The diameter of the glass fibers which make up these glass fiber sheets can be from 0.2 to 13 microns and preferably is from 1 to 5 microns. The glass fiber sheets may also contain an opacifier such as titanium dioxide powder which serves to reduce radiactive heat transfer through the glass fiber sheet.

The glass fiber sheets also generally contain a binder to hold the individual fibers together in sheet form. The binder may be a common commercial adhesive and is usually polyvinyl alcohol (PVA). It is important that this binder material be essentially completely removed from the glass fiber sheets for the attainment of the maximum benefits of this invention. The binder material, if present, may be removed prior to or during the process of making this invention. One way of removing the binder material from the glass fiber sheets is to heat the sheets at a temperature equal to or up to 400.degree. F. less than the glass strain temperature for a time sufficient to brake out essentially all of the binder material in the glass fiber sheets. For most conventional commercially available glass fiber sheets which contain binder material, such a procedure takes from 2 to 16 hours and generally takes about 4 hours.

The glass fiber sheets are stacked in an amount sufficient to achieve an insulation peg having the desired density of from 30 to 80 pounds per cubic foot (pcf). The desired density for any particular peg will vary depending on the load the peg is anticipated to support. Preferably the insulation peg density is from 35 to 65 pcf. A peg having a density of less than 30 pcf would not have sufficient compressive strength to support non-load bearing insulation under significant load conditions while a peg having a density exceeding 80 pcf would have unacceptably high heat leak and thus defeat the purpose of the high performance non-load bearing insulation.

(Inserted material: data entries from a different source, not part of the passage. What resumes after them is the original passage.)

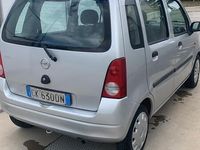 usata Opel Agila GPL Euro4 adatta ai neopatentati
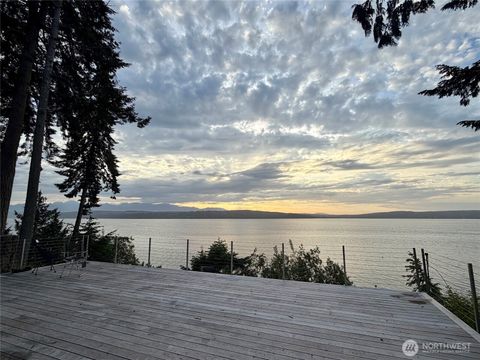 Photo of 29311 Beach Drive NE, Poulsbo, WA 98370 (MLS # 2532470)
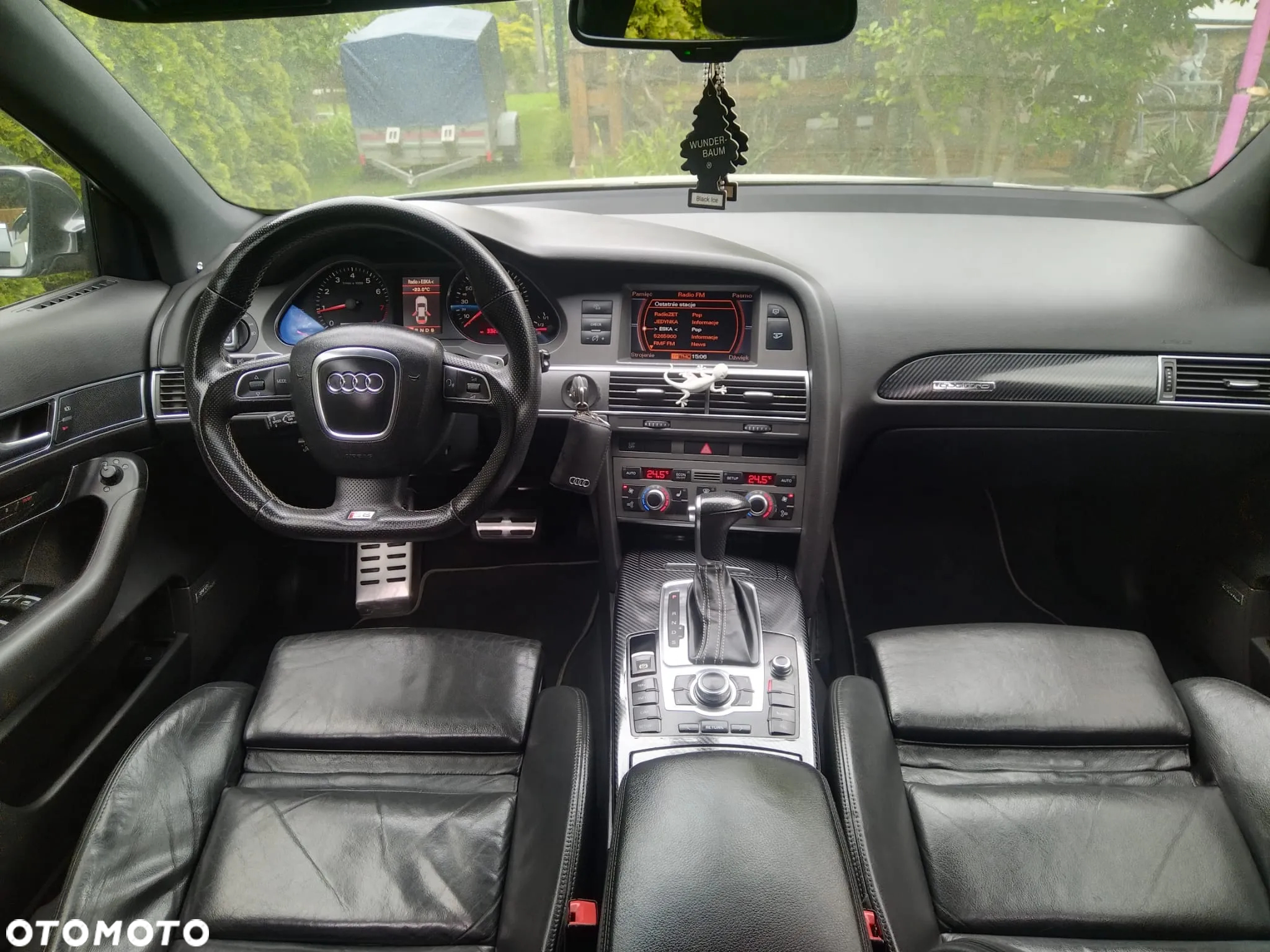 Audi A6 4.2 Quattro Tiptronic - 14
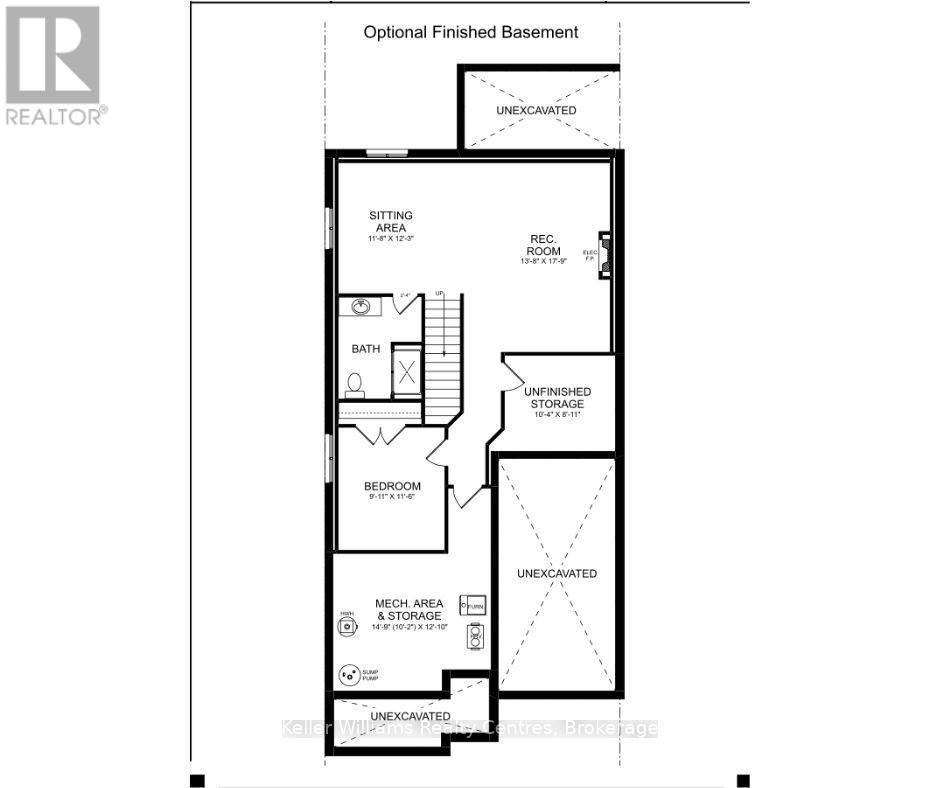 853 22nd Avenue A, Hanover, Ontario  N4N 0C5 - Photo 37 - X12127697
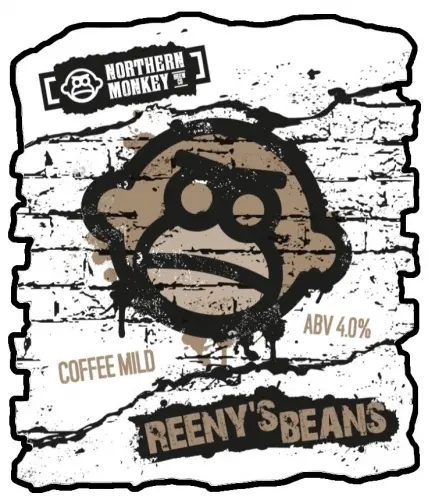 Northern Monkey Brew Co. Reeny's Beans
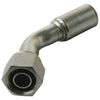 Atco #10 FOR - Reduced Beadlock #10 45 Deg Fitting Steel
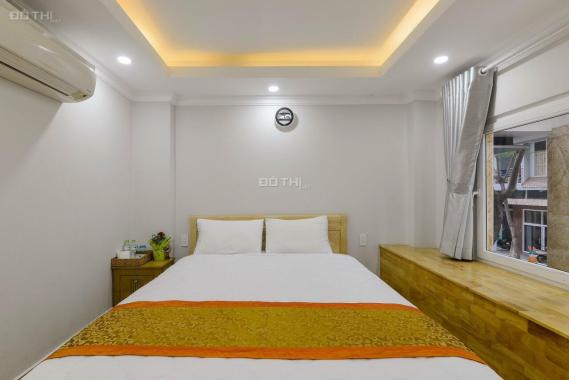 Cho thuê khách sạn 28 phòng nhà mới xây chuẩn ngay đô thị Phú Mỹ Hưng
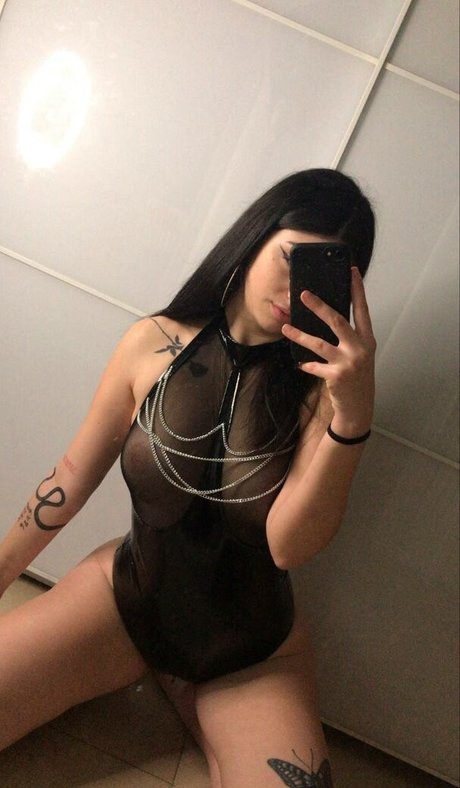 Photo nue de fuite OnlyFans de Evitadiamitaxx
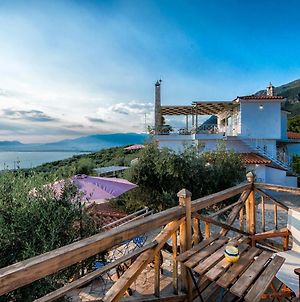 Home Love, Stone House By The Pool Near The Sea Καλαμάτα Exterior photo
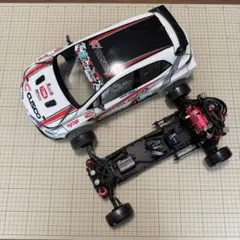 2025年最新】RDX シャーシの人気アイテム - メルカリ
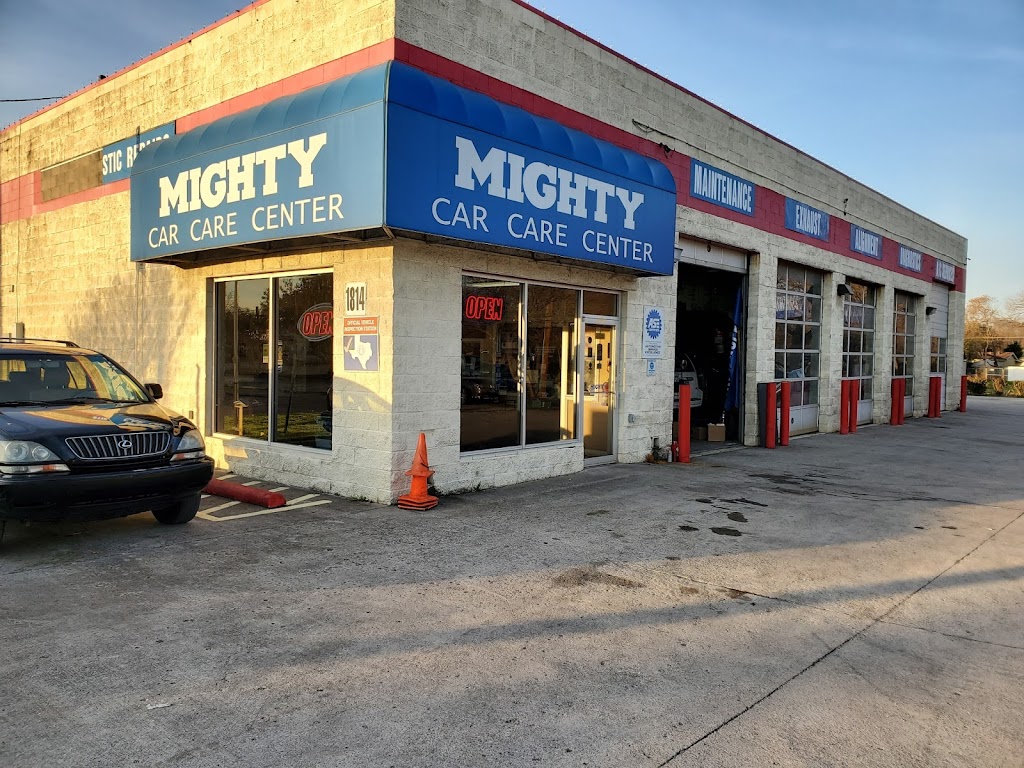 Mighty Car care | 1814 S Josey Ln #7517, Carrollton, TX 75006, USA | Phone: (972) 820-8855
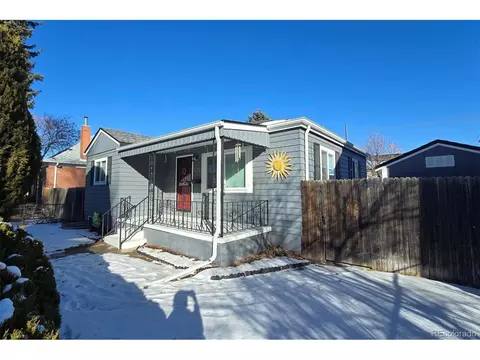2480 S Bannock St, Denver, CO 80223
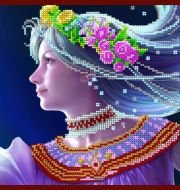 Схема вышивки «"дива"»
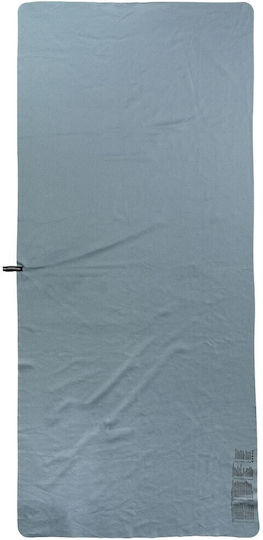 Matador Πετσέτα Microfiber Σώματος σε Θήκη Μπλε 132x60εκ.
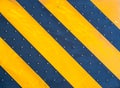 Yellow diagonal design texture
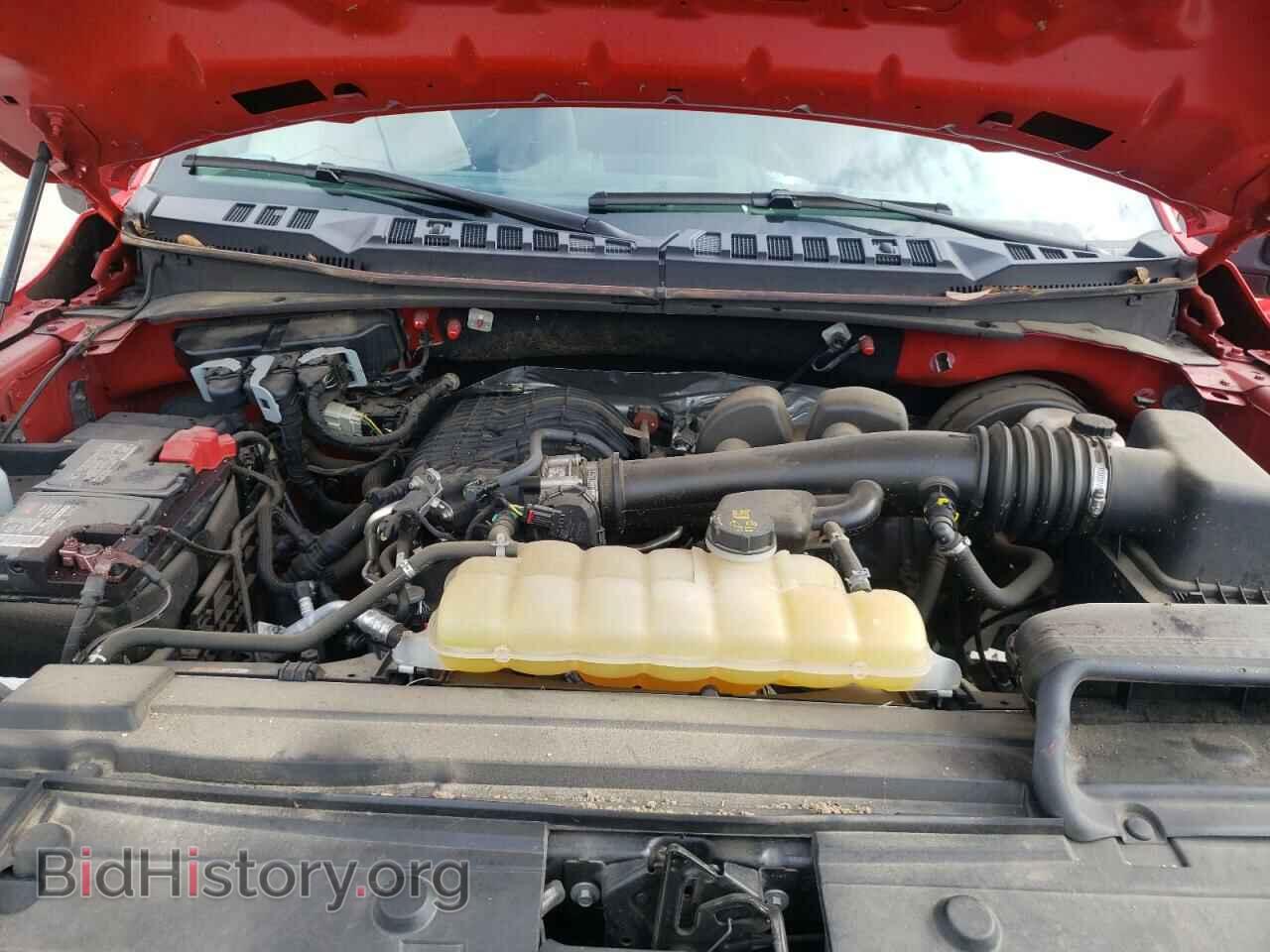 2019 FORD All Models - VIN: 1FTMF1CB5KKD94427 - Фото 11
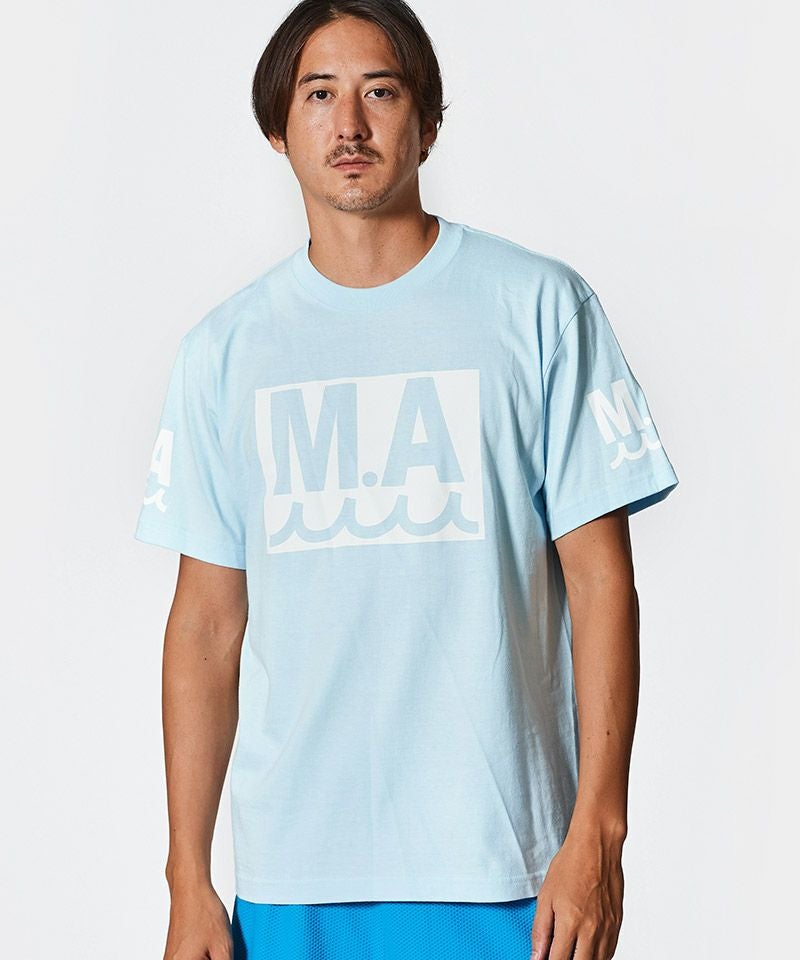 ACANTHUS(アカンサス)】muta Multi Logo L-S Tee ロングスリーブT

The press which is useful in the process of this invention is any device which can impart a compressive force vertically to the stack of glass fiber sheets. The press can be quite simple such as a weight placed upon the stack, or it may be more complicated such as a mechanical or electro-mechanical device for imparting pressure. It is important to the successful practice of this invention that the stack of glass fiber sheets be in thermal equilibrium with at least the surface of the press when the light vertically compressive force is applied and that such thermal equilibrium be at a temperature in the range of from the glass strain temperature to less than the glass softening temperature. Such thermal equilibration can be achieved by placing the stack in the press and heating them together, or by heating the press and the stack separately, for some or all of the time required to reach the desired compressing temperature within the defined range, before bringing them together. The binder removal step may conveniently be done during the heating step wherein the stack of glass fiber sheets is brought from ambient temperature to the desired compressing temperature.

As mentioned above, the temperature at which the stack and compressing means are in thermal equilibrium when the light vertically compressive force is applied is from the glass strain temperature to less than the glass softening temperature. Preferably this desired compressing temperature is from at least 100.degree. F. above the glass strain temperature is not greater than 200.degree. F. less than the glass softening temperature. A particularly preferred compressing temperature is the glass annealing temperature. Thermal equilibrium of the stack and the press during compression at a temperature at least at the lower defined limit is important. In this way, shear stresses due to differential thermal expansion do not form, so the structure integrity of the finished peg is not compromised. The upper temperature limit is also important in minimizing the finished peg thermal conductivity. Deformation of the glass fibers resulting in increased fiber contact area will occur when the temperature exceeds the glass softening temperature. It is necessary only that the press surface be in thermal equilibrium with the stack though, of course, it is possible that the entire press be in such thermal equilibrium.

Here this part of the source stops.